Tonlé offers zero-waste, fairly made products that look and feel as if they come just off the runway. The company makes clothing out of tiny scraps of remnant materials from larger garment factories. The company employs 50 full time employees producing its products and getting them to the customers who care for the surrounding world as much as does the company’s team.

Innovation

Over the years of building a social business, Tonlé has been able to achieve a closed loop process in its business by constantly evolving new designs that could incorporate every last scrap of waste that it was producing. As the company’s founder Rachel Faller noted during our interview “addressing the issue with waste in garment manufacturing touches on many problematic aspects of the industry, everything from water to pesticide usage to petrochemicals in cheaply made fabric. So that's what we've decided to tackle - it's a big undertaking.” However, this is not the only innovation that Tonlé brings to the clothing industry. In fact, when many employees in other factories work in terrible conditions gaining minimal remuneration, Tonle gives its employees fair wages and benefits making sure the working atmosphere is supportive and kind.

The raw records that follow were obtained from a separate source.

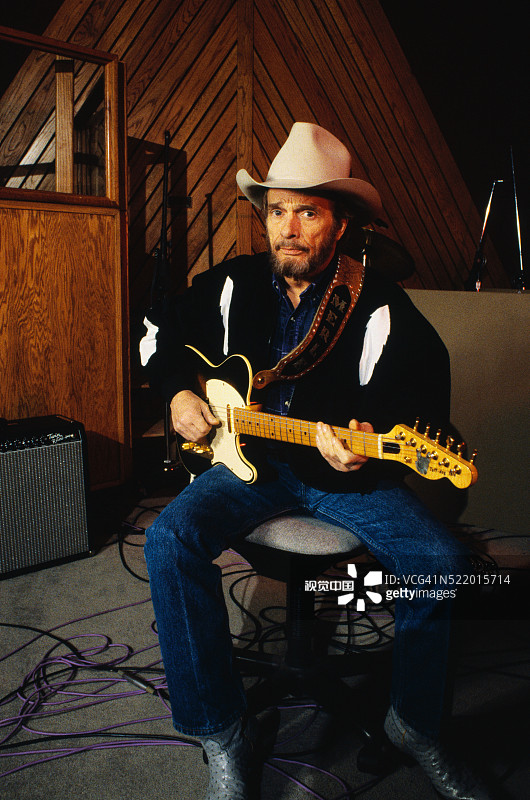 梅尔·哈格德弹吉他图片素材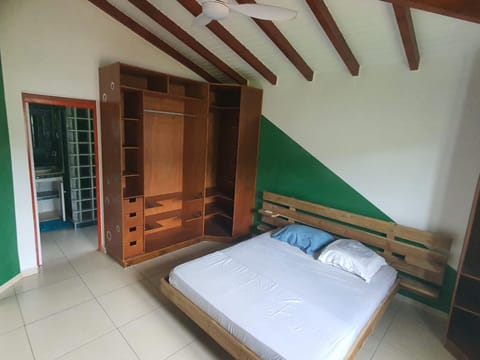 Villa Doubs Etage 1 House in Les Abymes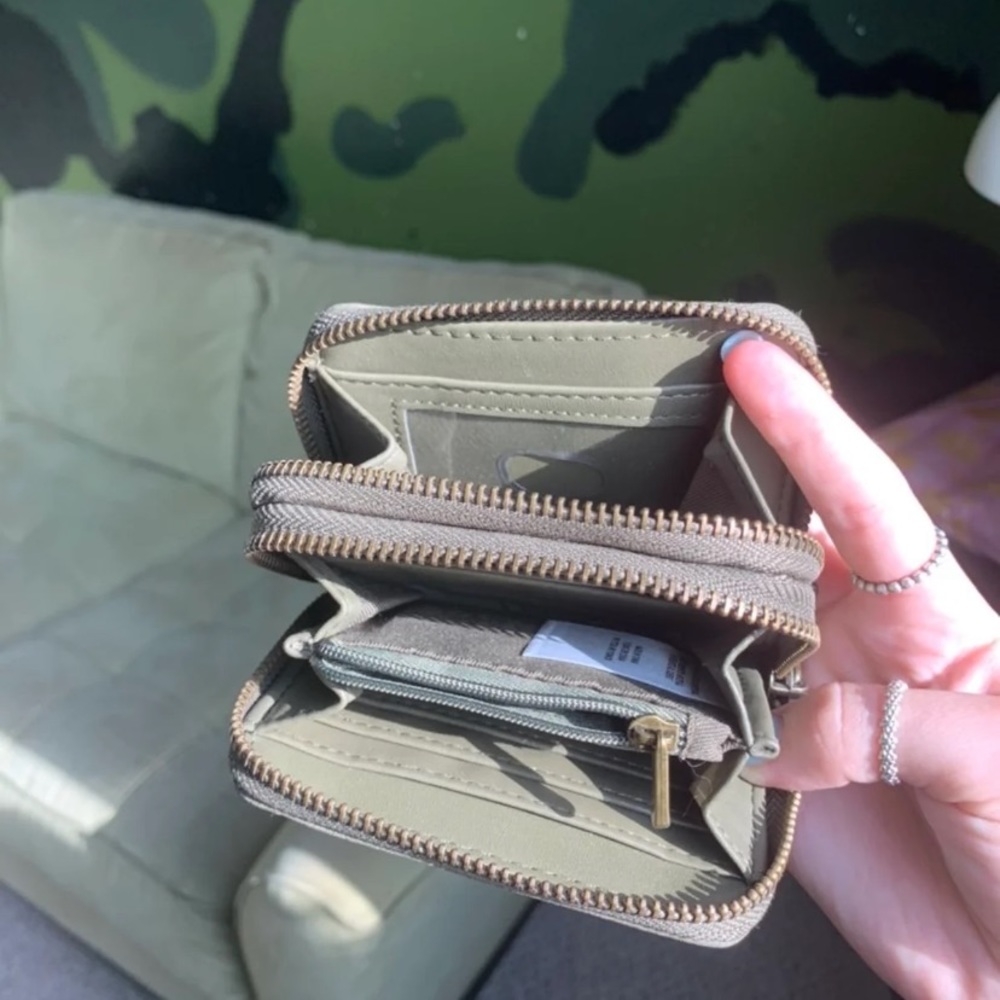 Green Wallet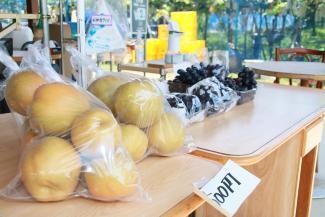 写真：梨とぶどうの販売の様子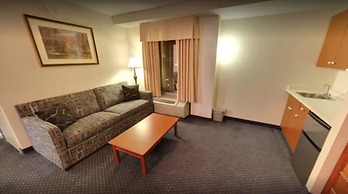 Days Inn & Suites by Wyndham Niagara Falls Centre St. By the Falls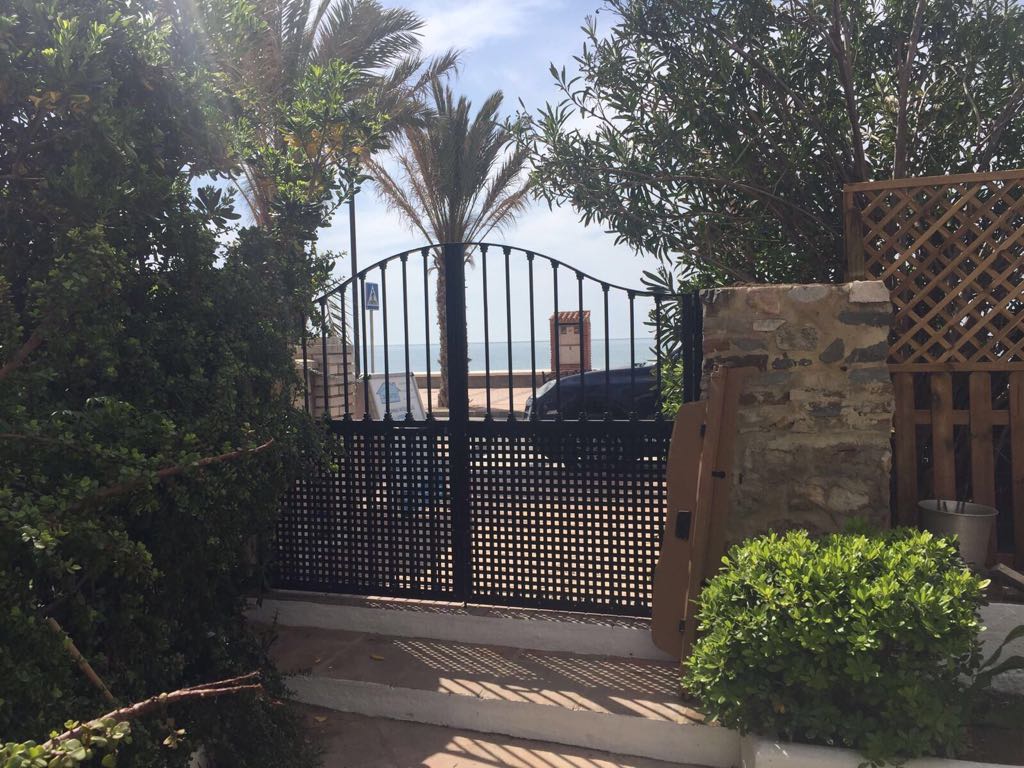 Se alquila  desde 01/09/2026 hasta 30/06/2027, bonito piso en 1ra línea de playa en Fuengirola .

Zero Waste, Fair Fashion with Tonlé

Inspiration

As a working woman, the founder of the company, Rachel Faller, has always wanted to be respected for her beliefs, for who she was as a person, and what she could do, rather than style for style's sake. According to her "clothing should support your core values, rather than define you. So many people buy clothing to buy into certain styles or trends, feeling consciously or unconsciously that they need to confirm to certain standards. But I think you have to define who you are as a person and find clothes that suit that, not the other way around". This is what Tonlé would come to represent and stand for: strong individuals who care enough for the World to dare and make a difference.

Overall impact

The company indeed has a great impact on the surrounding environment and the World. It contributes to waste reduction caused by the fashion industry. Each year Tonlé’s production, in contrast to a typical manufacturer, saves the following:

  • 10,000 kg (22,046 lbs) of materials from landfills
  • 70,000 kg (154,324 lbs) of CO2 from entering the atmosphere
  • 200 kg (441 lbs) of pesticides,
  • 46,266,600 gallons of water

What's more, Tonlé actively promotes fair practices in the fashion industry, when workers are treated as valuable parts of the organisation's value creation process and not as mere means of production. Going step by step, the company promises to increase its global impact as the general public become increasingly aware of the products that Tonlé has to offer.

Business benefit

The company makes profit from the sale of its products.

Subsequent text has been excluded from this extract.